[Records from a data collection]
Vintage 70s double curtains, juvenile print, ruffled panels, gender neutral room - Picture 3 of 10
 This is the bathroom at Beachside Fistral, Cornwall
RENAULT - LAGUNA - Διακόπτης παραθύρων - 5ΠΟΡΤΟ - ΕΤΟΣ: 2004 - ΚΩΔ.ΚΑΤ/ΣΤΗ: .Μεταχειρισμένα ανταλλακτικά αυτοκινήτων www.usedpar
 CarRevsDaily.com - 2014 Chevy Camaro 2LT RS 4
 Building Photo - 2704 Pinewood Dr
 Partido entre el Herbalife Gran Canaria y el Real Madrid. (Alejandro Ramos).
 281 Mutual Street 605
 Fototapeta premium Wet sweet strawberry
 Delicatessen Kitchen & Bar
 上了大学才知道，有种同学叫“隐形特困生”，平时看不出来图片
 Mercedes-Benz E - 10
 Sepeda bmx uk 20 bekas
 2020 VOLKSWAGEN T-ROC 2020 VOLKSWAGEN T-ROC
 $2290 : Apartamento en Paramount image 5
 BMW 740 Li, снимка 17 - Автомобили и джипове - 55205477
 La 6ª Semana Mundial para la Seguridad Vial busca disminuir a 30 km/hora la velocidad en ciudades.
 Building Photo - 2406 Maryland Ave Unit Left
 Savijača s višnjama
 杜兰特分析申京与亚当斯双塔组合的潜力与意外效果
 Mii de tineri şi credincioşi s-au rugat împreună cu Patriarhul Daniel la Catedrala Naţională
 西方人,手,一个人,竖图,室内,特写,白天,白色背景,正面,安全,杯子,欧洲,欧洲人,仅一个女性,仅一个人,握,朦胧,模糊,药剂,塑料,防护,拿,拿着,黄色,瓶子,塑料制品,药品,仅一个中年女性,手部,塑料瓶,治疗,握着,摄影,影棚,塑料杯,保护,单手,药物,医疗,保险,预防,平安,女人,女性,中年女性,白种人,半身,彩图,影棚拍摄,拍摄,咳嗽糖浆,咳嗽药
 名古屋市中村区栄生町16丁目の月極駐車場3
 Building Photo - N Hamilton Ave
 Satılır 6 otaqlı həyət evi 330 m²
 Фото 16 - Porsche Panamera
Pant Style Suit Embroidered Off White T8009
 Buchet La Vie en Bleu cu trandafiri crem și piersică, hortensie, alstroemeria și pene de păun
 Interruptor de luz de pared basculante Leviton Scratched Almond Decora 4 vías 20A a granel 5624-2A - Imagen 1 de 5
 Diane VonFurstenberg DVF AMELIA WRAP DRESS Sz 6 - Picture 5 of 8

▸ Your goal
Each line from the one containing "Buchet La Vie" through the last line of the entries is to be copied exactly, with no other lines added.

▸ Answer
 Buchet La Vie en Bleu cu trandafiri crem și piersică, hortensie, alstroemeria și pene de păun
 Interruptor de luz de pared basculante Leviton Scratched Almond Decora 4 vías 20A a granel 5624-2A - Imagen 1 de 5
 Diane VonFurstenberg DVF AMELIA WRAP DRESS Sz 6 - Picture 5 of 8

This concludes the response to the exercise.